SDN 1 Klaten Mulai Gunakan Gerakan Senam Baru, SSAI

43

JUMAT, 7 APRIL 2017

LAMPUNG — Kegiatan Senam Kesegaran Jasmani (SKJ) yang dilakukan setiap hari Jumat oleh setiap sekolah, mulai dari tingkat TK hingga SLTA, masih menggunakan beberapa gerakan senam lama, seperti Senam Ria Anak Indonesia, Pramuka, Senam Seribu dan lainnya. Namun, kini mulai diajarkan lagi gerakan senam baru yang disebut Senam Sehat Anak Indonesia (SSAI).

Sejumlah siswa SDN 1 Klaten mulai gunakan SSAI

Salah satu sekolah yang telah menggunakan senam baru SSAI itu adalah SDN 1 Klaten, Lampung Selatan. Kepala Sekolah SDN 1 Klaten, Slamet, S.Pd., mengatakan, berbagai gerakan senam baru yang diajarkan kepada para siswa memang selalu berganti setiap tahunnya, untuk memberikan suasana berbeda dan mencegah kebosanan.

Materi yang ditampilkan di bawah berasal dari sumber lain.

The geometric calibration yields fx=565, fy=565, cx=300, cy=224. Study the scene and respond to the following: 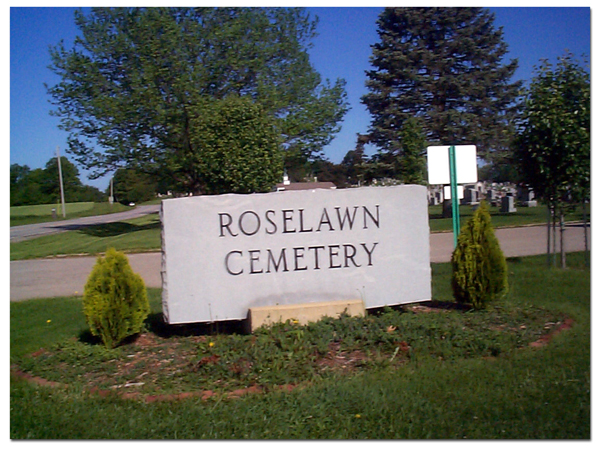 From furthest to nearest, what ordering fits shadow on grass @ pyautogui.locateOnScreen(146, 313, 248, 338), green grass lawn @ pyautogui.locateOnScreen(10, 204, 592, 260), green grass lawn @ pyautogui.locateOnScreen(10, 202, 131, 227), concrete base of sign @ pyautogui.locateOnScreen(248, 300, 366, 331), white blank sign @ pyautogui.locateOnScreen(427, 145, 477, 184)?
green grass lawn @ pyautogui.locateOnScreen(10, 204, 592, 260)
green grass lawn @ pyautogui.locateOnScreen(10, 202, 131, 227)
white blank sign @ pyautogui.locateOnScreen(427, 145, 477, 184)
shadow on grass @ pyautogui.locateOnScreen(146, 313, 248, 338)
concrete base of sign @ pyautogui.locateOnScreen(248, 300, 366, 331)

“Berbagai gerakan senam memang mengalami pembaharuan, dan kita mendapat pelatihan dari Dinas Pemuda dan Olahraga Kabupaten Lampung Selatan, dan ini menghindari anak-anak bosan,” terangnya, saat ditemui Cendana News usai senam kesegaran jasmani di halaman sekolah, Jumat (7/4/2017).

Slamet menyebut, sejak akhir Maret, lalu, pihak sekolah mulai menjalankan latihan bersama SSAI dengan guru-guru sekolah lainnya. Gerakan SSAI yang merupakan gerakan baru itu kemudian diajarkan kepada seluruh siswa yang dilakukan setelah pulang sekolah atau sore hari. Gerakan-gerakan baru di antaranya gerakan pemanasan, gerakan peralihan, gerakan inti dan gerakan pendinginan, tersebut sebelumnya dilatihkan kepada guru olahraga dan dua siswa.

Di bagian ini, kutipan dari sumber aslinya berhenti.